Gibt es Beispiele von Straftätern, bei denen die Sicherungsverwahrung vom Gericht abgelehnt wurde und die dann in der Folge wieder Gewalttaten verübten?
Leider ja. Besonders bedrückend für mich war ein Fall, wo der Täter aus komplizierten juristischen Gründen freigelassen werden musste. Einige Monate später versuchte genau dieser Täter, eine 17-Jährige zu vergewaltigen und hat sie mit mehreren Messerstichen schwer verletzt. Er hat das schwer verletzte Mädchen schließlich mit Benzin übergossen, um sie zu verbrennen. Nur mit viel Glück hat die junge Frau überlebt.
Bayern ist bekannt für eine strengere Handhabung des Gesetzes.
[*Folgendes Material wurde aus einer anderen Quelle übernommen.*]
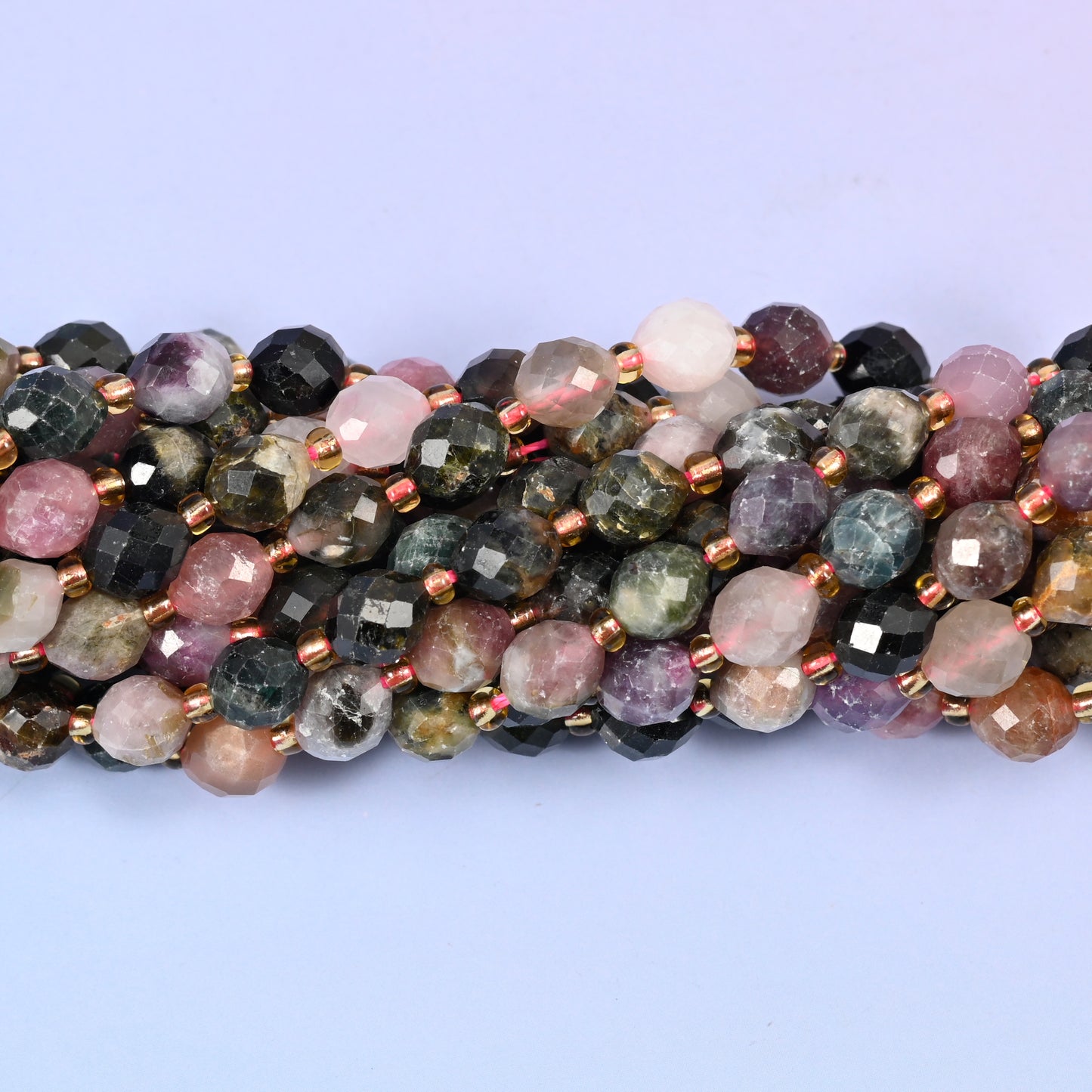 Multi-Color Tourmaline Faceted Rice Barrel Beads Size 6x8mm Jewelry Making 15.5" Strand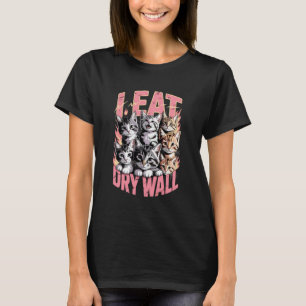 Camiseta Eu Como Parede Seca Gatos Divertidos Amantes Sarcá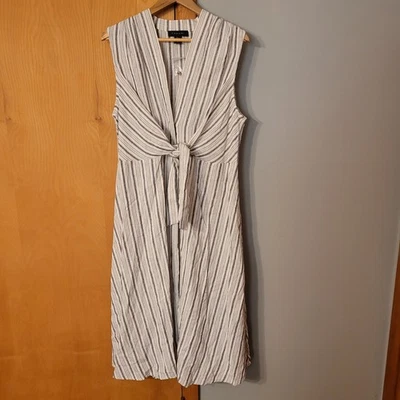 Tahari Size L Linen Blend Midi Dress Stripe V Neck Coastal Nautical Front Tie - Image 1 of 4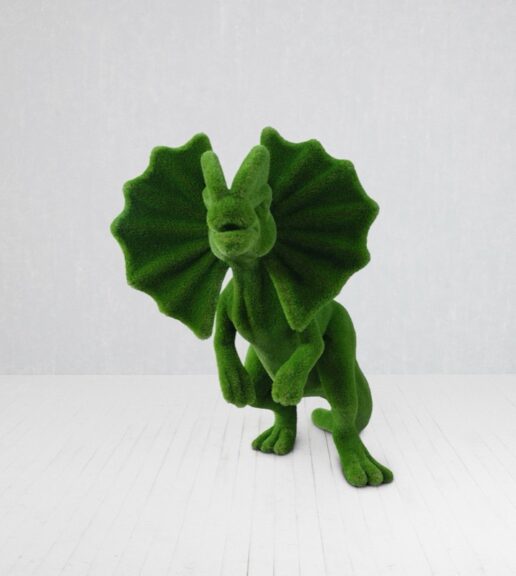 Green foliage dinosaur-shaped topiary sculpture for indoor display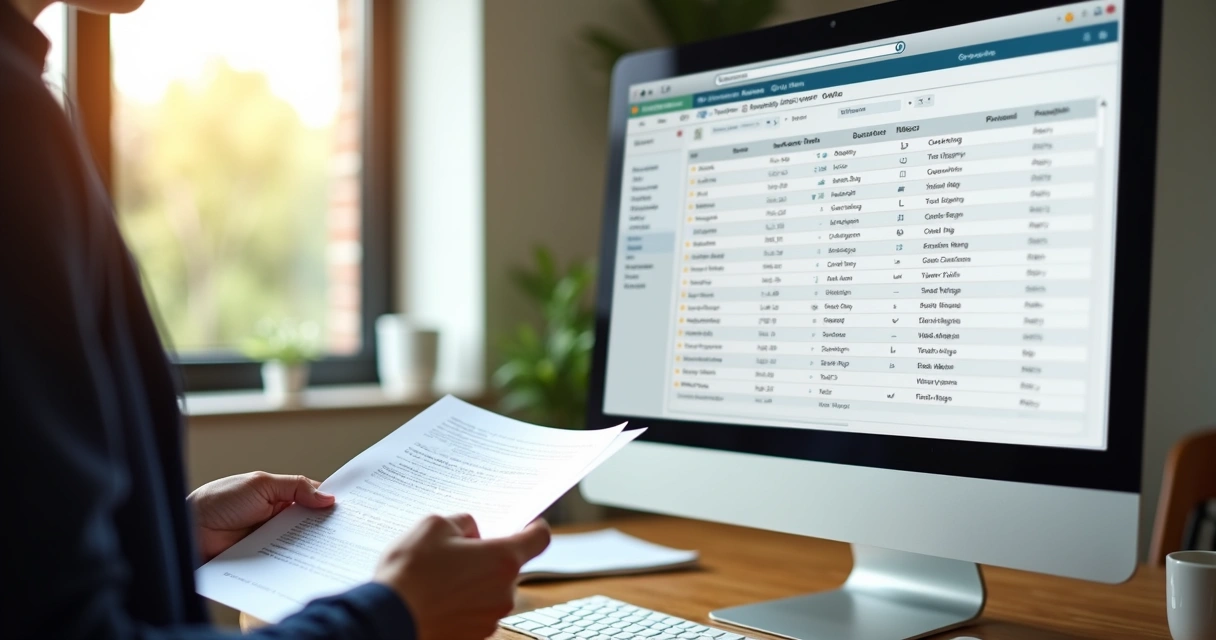 Corretor transfere ficha de cliente de papel para tela do computador com CRM imobiliário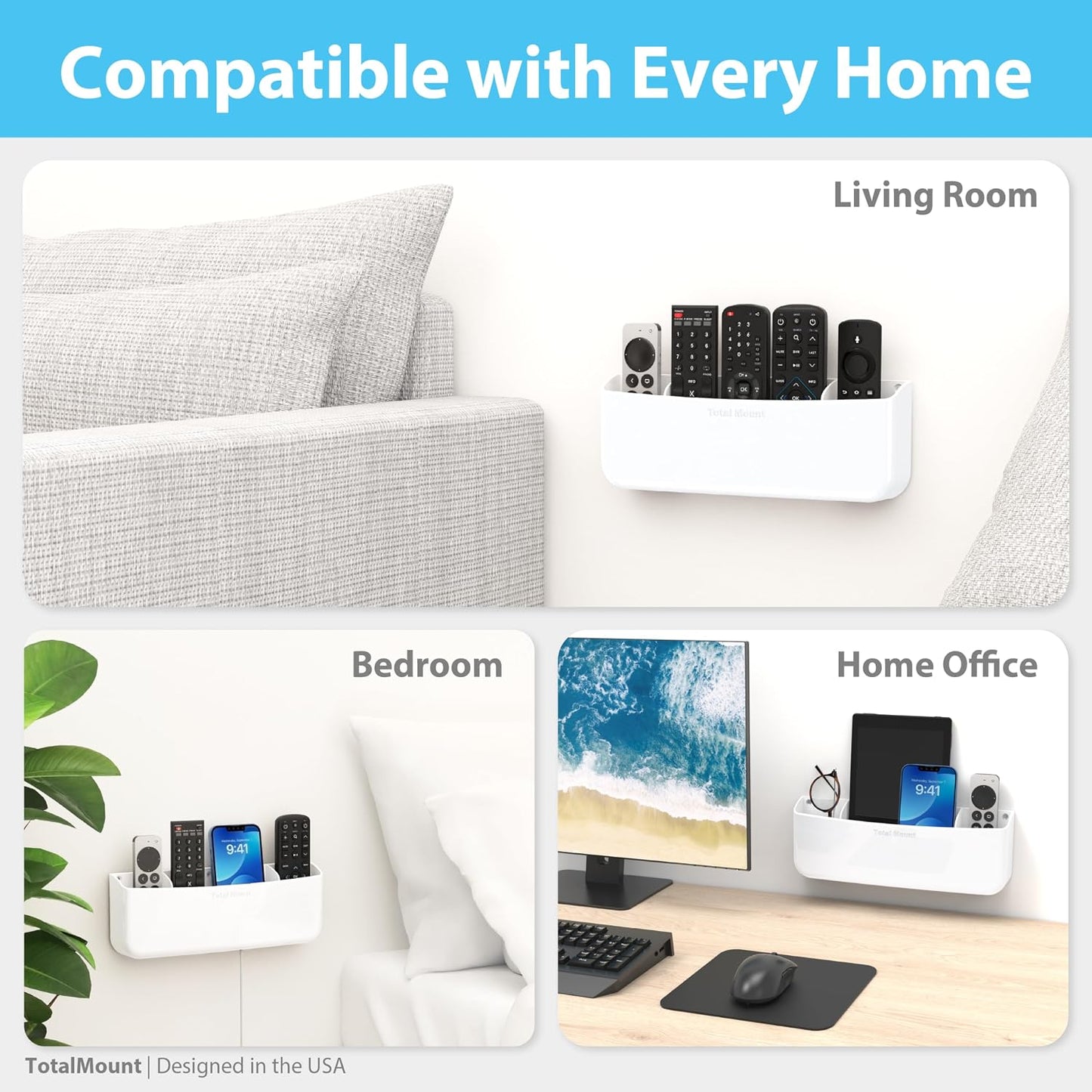 TotalMount Drop-Free Remote Holder – Removable Adhesive Strips – XL Black | Designed in the USA – Simply Put the Remotes In – No Tricky Magnet Alignment Needed (Holds 3 or 4 Remote Controls)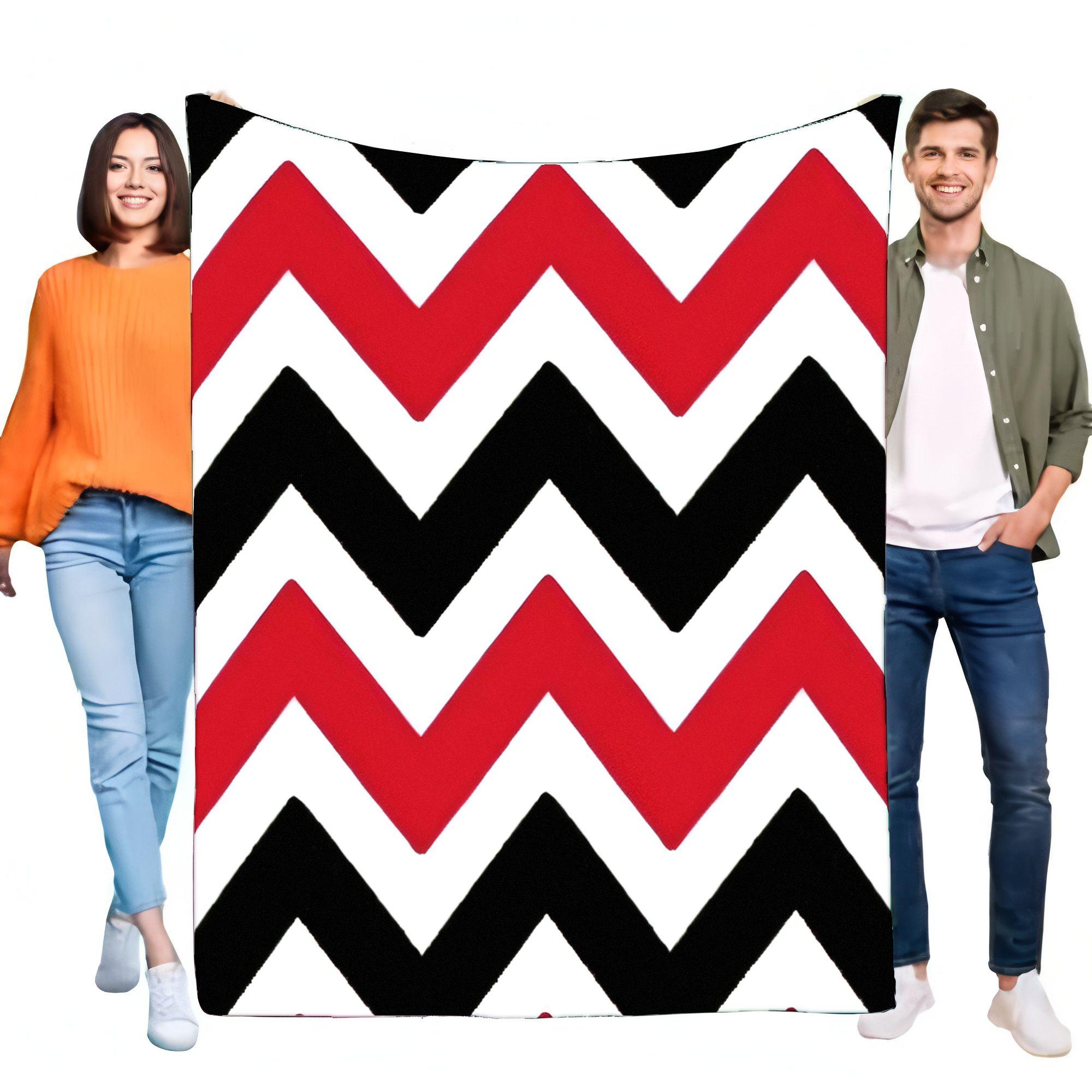 Modern Red Black White Chevron Blanket, Ultra Soft Plush Flannel Throw, Cozy Lightweight Geometric Zigzag Bed Sofa Living Room D 75x90cm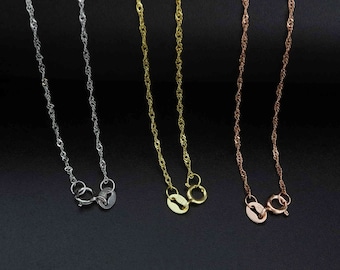 Planetys Cadena Plata Ley 925 Chapada En Oro Rosa 18K - Malla Forzada Diamantada De 1mm - Larga Duración Y Hipoalergénica - Ideal Para Regalo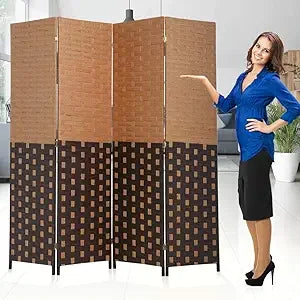 Room Divider Folding Privacy Screen 4 Panel Wooden Portable Rustic Design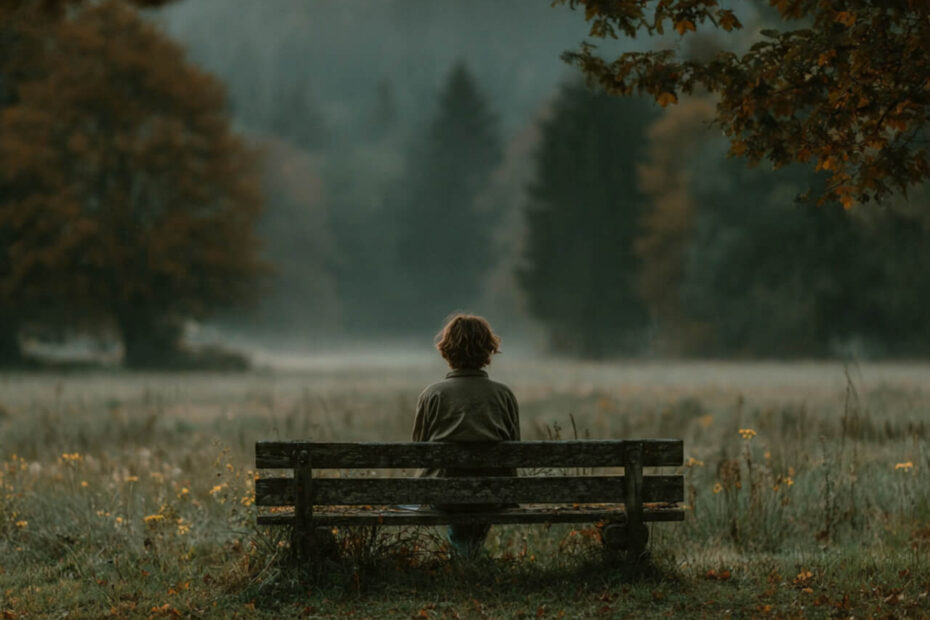 Woman sitting alone on park bench in misty field practicing strategic pause for personal growth and mental clarity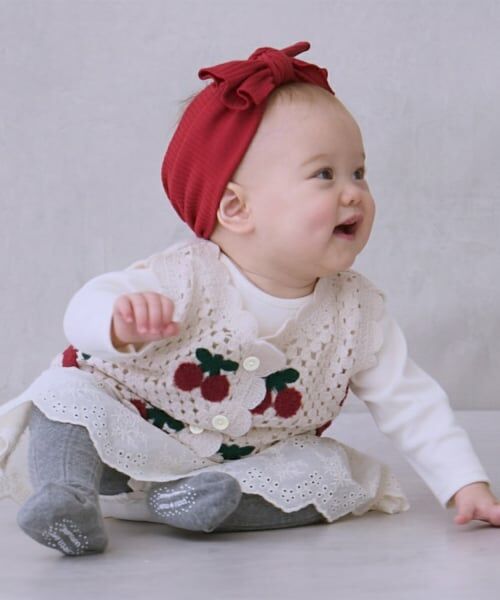 petit main / プティマイン ロンパース | 【リンク】クロシェベストつきロンパース | 詳細1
Dürfen sich die Menschen in Bayern deswegen sicherer fühlen?
Innere Sicherheit ist ein Markenzeichen Bayerns. Natürlich können sich die Menschen in Bayern sicher fühlen. Ich stehe für diese bayerische Sicherheitspolitik und werde selbstverständlich weiter dafür kämpfen, dass das auch so bleibt. Von ganz besonderer Bedeutung ist dabei die Frage, wie wir in Zukunft mit gefährlichen Straftätern umgehen können.